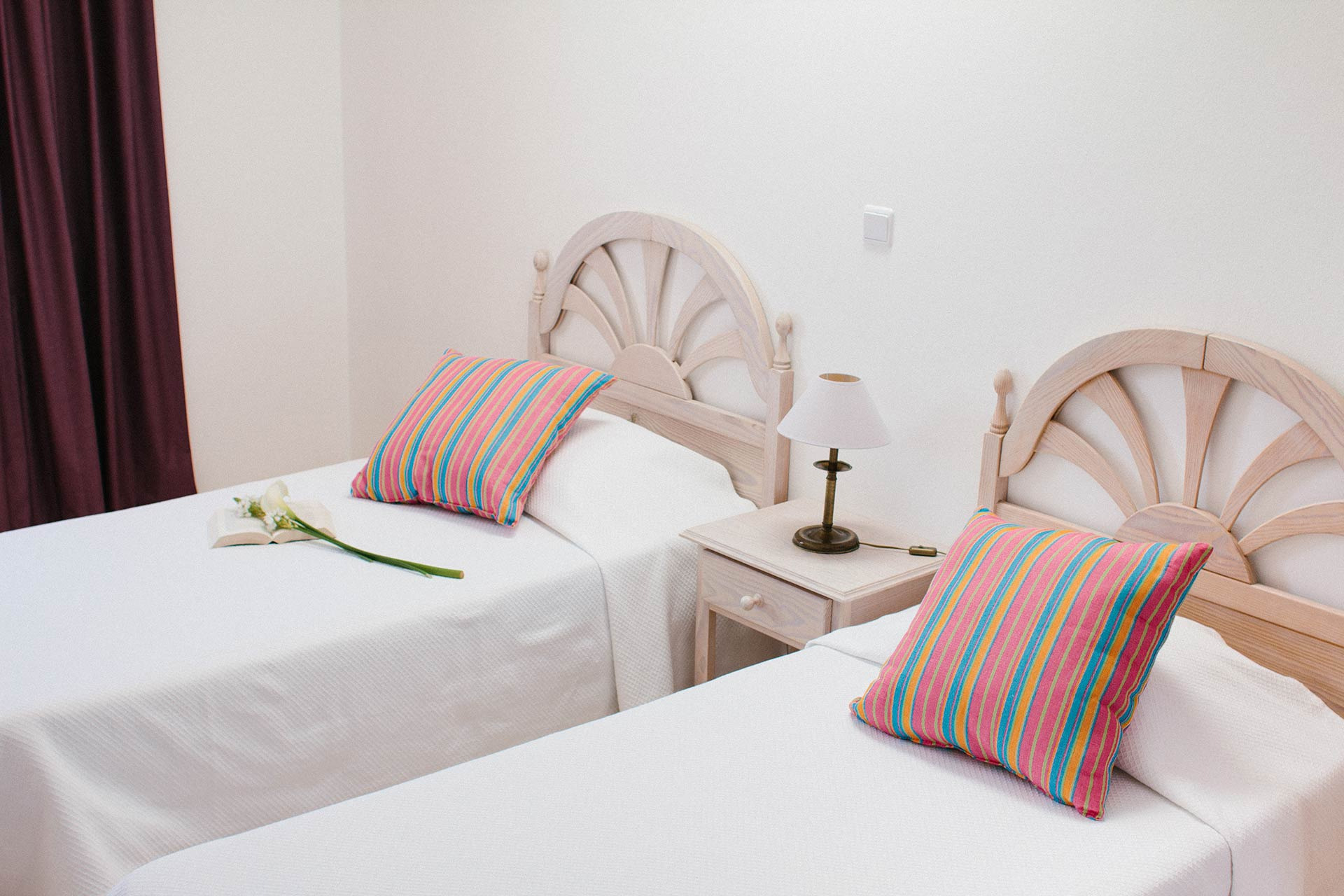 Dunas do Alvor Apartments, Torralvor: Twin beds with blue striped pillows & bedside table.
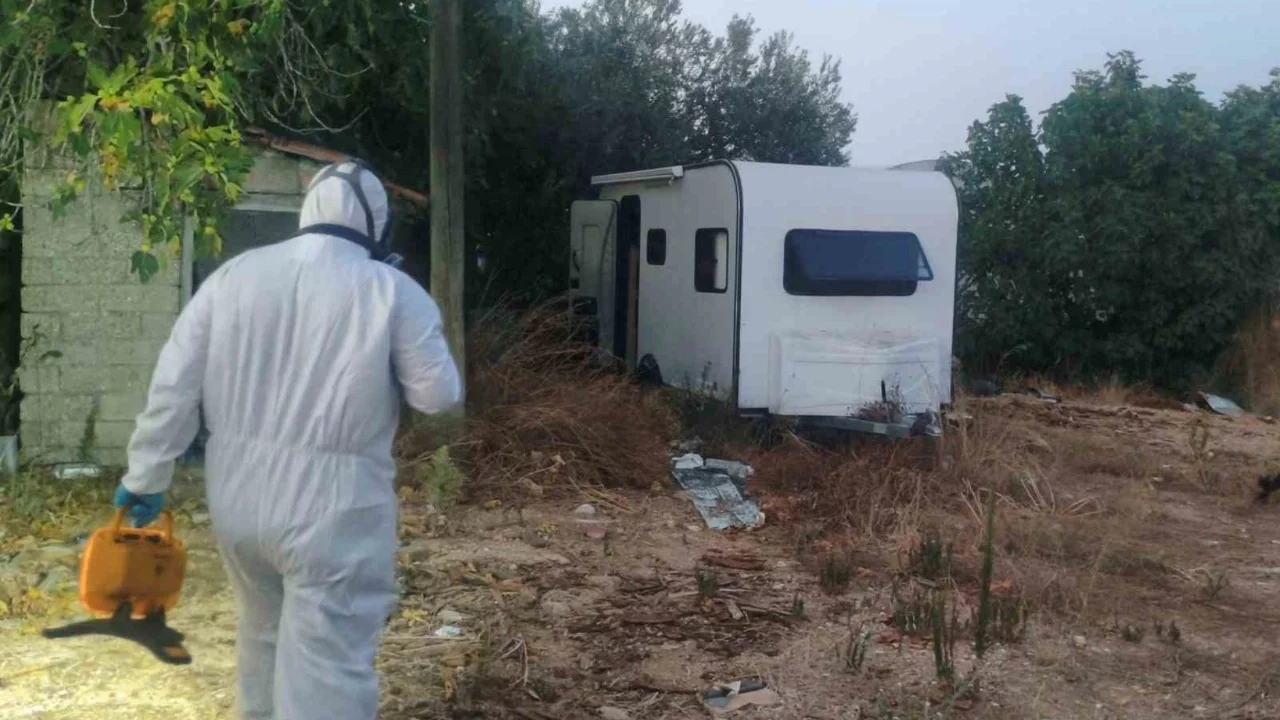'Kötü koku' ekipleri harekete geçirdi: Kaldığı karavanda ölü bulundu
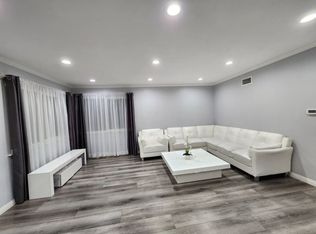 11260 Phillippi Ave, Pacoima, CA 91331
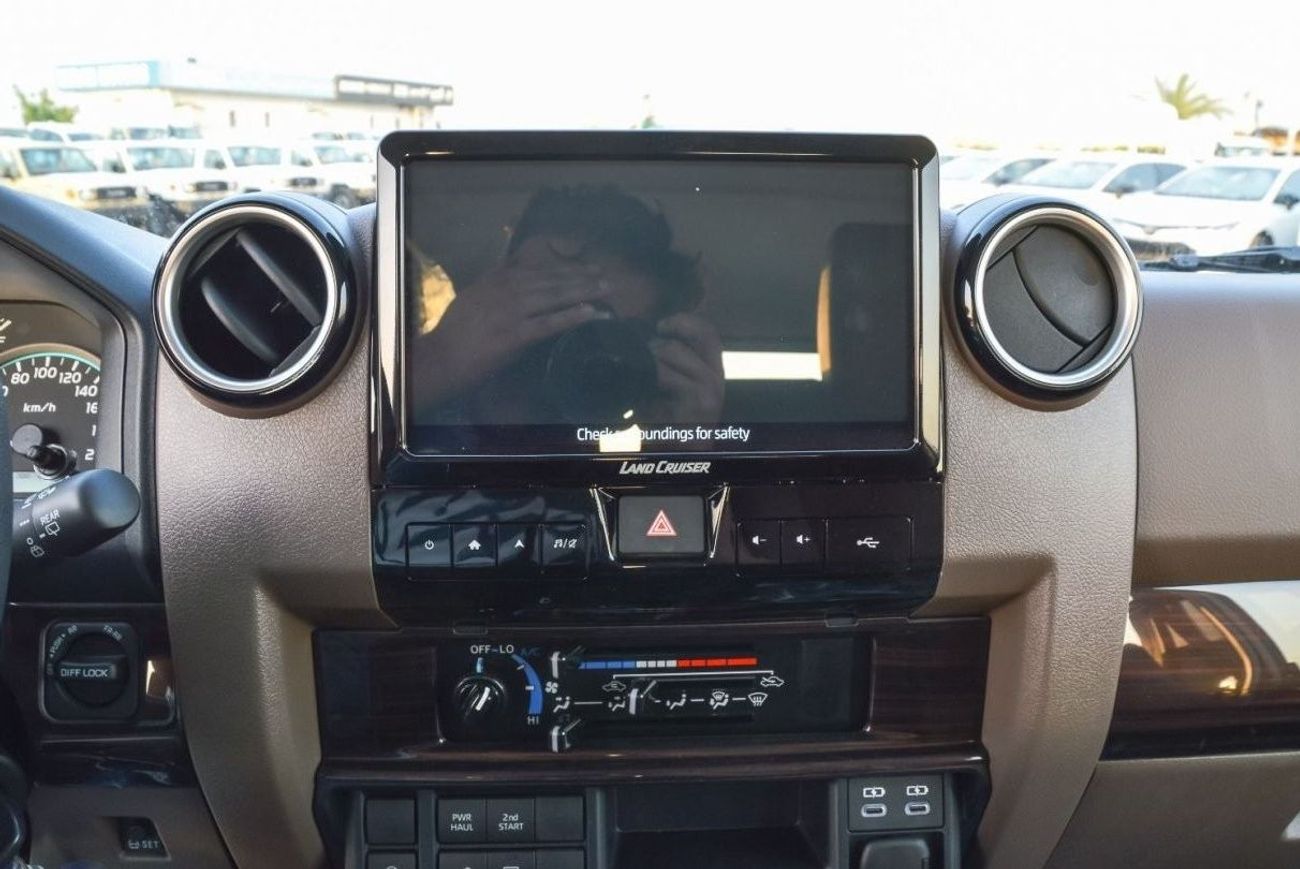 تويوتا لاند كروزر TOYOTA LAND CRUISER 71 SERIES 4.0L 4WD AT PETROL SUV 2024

About this exercise: Only the pictures stay out; everything else in the listing above must be repeated exactly.

Result below:
 Dunas do Alvor Apartments, Torralvor: Twin beds with blue striped pillows & bedside table.
'Kötü koku' ekipleri harekete geçirdi: Kaldığı karavanda ölü bulundu
 11260 Phillippi Ave, Pacoima, CA 91331
 تويوتا لاند كروزر TOYOTA LAND CRUISER 71 SERIES 4.0L 4WD AT PETROL SUV 2024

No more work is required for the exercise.